THE FIRST PRESBYTERIAN
CHURCH OF GEORGETOWN
The Making Of A Church
By - Laura Duncan, 211 West
Central Avenue, Georgetown, Texas 78626
The First Presbyterian
Church of Georgetown was organized on June 12th,1854.
(1) The organizational meeting was held in the home of
Mr. and Mrs. Richard Sansom on the old Round Rock Road,
in Round Rock, Texas. The presiding minister was Rev.
William M. Baker of Austin, and the charter members
included Dr. Thomas Barbee, Miss Letitia Barbee, Mrs.
Margaret Morrow, Mr. and Mrs. Richard Sansom, and Mrs.
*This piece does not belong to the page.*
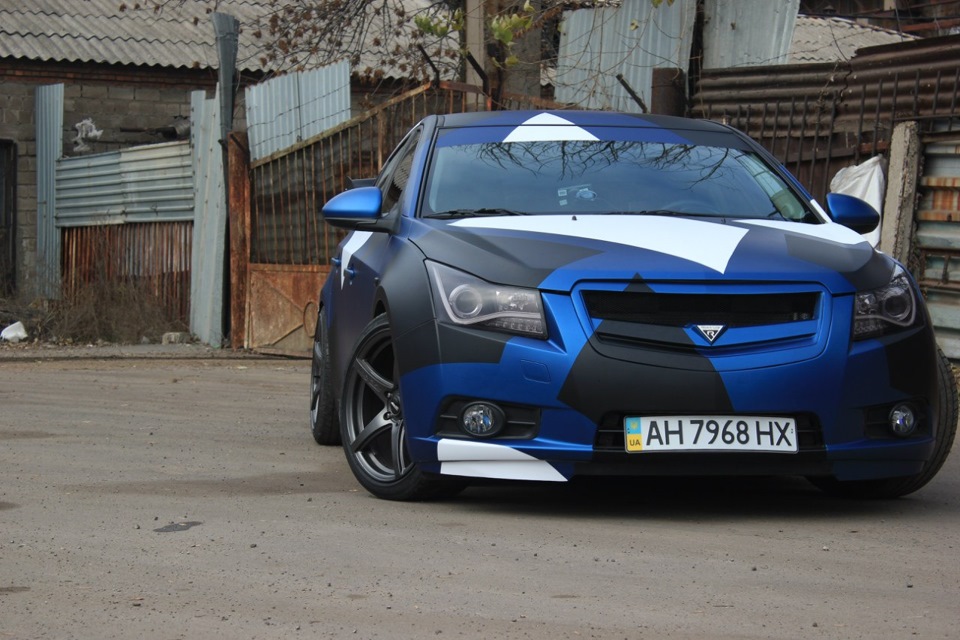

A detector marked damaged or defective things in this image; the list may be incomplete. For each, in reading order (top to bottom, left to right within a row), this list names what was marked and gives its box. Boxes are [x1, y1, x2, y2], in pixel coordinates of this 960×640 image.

rusted metal panel [248, 264, 330, 356]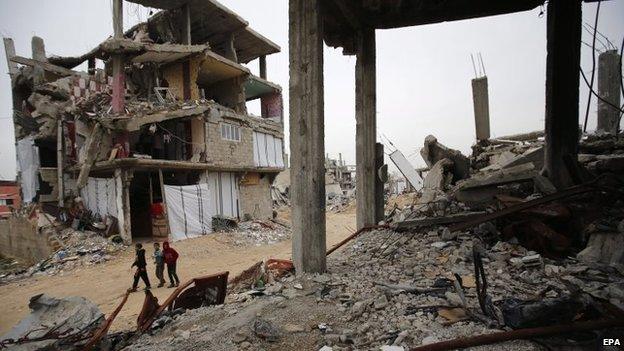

S.F. Tyler. At the first meeting Dr. Barbee and Richard
Sansom were elected Ruling Elders, one of the Sansom
children was baptized, and the Sacrament of Holy
Communion was observed.
The original name was the
Round Rock Presbyterian Church. The name was changed
when the services were shifted to Georgetown, due to the
majority of the members living here. (2) After the Civil
War the church split with one group calling itself
Georgetown Presbyterian Church (Southern) in 1866 (3),
and the other group calling itself First Presbyterian
Church in 1870. In 1925 the Georgetown Presbyterian
Church assumed the name First Presbyterian Church, after
buying their building. (5)
In 1861, all of the
Presbyteries in Texas withdrew from the Presbyterian
Church U.S.A., and became affiliated with the
Presbyterian Church of the Confederate States of
America. At the conclusion of the Civil War, the
congregation voted 15 to 5 to return to the U.S.A.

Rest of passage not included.